Some features I want to incorporate:
• lots of space
• cable management, not just to improve airflow but also looks
• efficient cooling, but also as silent as possible
• preferably made out of aluminum in order to keep down the weight
• removable motherboard tray

How I plan to do them:
• build a large case (duh), make separate compartments for the motherboard, power supply and hard drives (should also make the cooling more efficient)
• space between the removable motherboard tray and side panel, as well as space for running cables throughout the lower sections of the case
• use 120mm, or even better, 140mm fans
• made mostly out of aluminum, but will probably have some steel parts for stuff like sturdy HDD racks
• two or three bars vertically across the top section of the case with a sheet of aluminum, which has the standoffs, attached to them

At first I thought of using 120mm fans with 3-way switches for operating the fans at 12V, 5V and turning them off. But then it struck me. If at all possible, I should look into getting bigger fans, just because they run at lower speeds while still pushing a lot of air and being quiet. My current design would allow for installing 12 hard drives, while still having a lot of space left over for installing the motherboard and other components.






Most parts will hopefully be easy to make. Just cut the aluminum to proper dimensions and bend 90°, which they should be able to do at the store where I buy the aluminum. The ends of some of them will have to be cut to the shape of a wedge. Then just drill holes for the screws and fasten the parts together. Quite a bit of rubber will be going into the case as well in order to remove as much vibration as possible from hard drives and fans.

I'll post more SketchUp sketches as soon as I can, but I'm going to have to update my design a bit before I do that.

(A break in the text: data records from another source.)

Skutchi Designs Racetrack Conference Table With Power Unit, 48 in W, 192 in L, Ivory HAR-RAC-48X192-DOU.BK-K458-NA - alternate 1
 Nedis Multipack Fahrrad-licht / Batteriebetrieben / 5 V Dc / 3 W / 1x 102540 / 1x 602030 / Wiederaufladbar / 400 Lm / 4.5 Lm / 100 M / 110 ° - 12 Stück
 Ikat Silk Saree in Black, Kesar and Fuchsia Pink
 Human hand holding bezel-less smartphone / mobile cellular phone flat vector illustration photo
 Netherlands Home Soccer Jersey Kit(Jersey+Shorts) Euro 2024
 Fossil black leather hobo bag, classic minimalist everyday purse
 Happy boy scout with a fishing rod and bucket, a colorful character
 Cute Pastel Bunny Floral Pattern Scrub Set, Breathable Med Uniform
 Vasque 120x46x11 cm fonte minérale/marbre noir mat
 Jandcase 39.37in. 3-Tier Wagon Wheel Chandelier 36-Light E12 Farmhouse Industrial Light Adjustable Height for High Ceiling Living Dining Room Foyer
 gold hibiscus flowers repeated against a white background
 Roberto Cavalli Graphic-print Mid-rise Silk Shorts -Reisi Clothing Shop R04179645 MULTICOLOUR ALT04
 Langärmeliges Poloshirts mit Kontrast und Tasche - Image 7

I have some questions though:
• Has anyone done anything similar before?
• Do you have any ideas for the backplate, buy one or try to build one?
• Any ideas on how to make the front panel of the DVD-drive fit into the case? The case will have brushed aluminum panels attached on to the frame of the case.

I've been thinking about trying to make a brushed aluminum front panel, but it's going to be tedious work making it attach to the drive sled. Any suggestions or links to forum threads or guides on making front panels for DVD-drives?


----------



## dak1b

great design! looks like ull have a cool system!!!!


----------



## bomberboysk

Might want to think about doing a double motherboard backplate, about 1-2" apart with the motherboard try held on with bolts. Would help with cable management.


----------



## mrjack

dak1b said:


> great design! looks like ull have a cool system!!!!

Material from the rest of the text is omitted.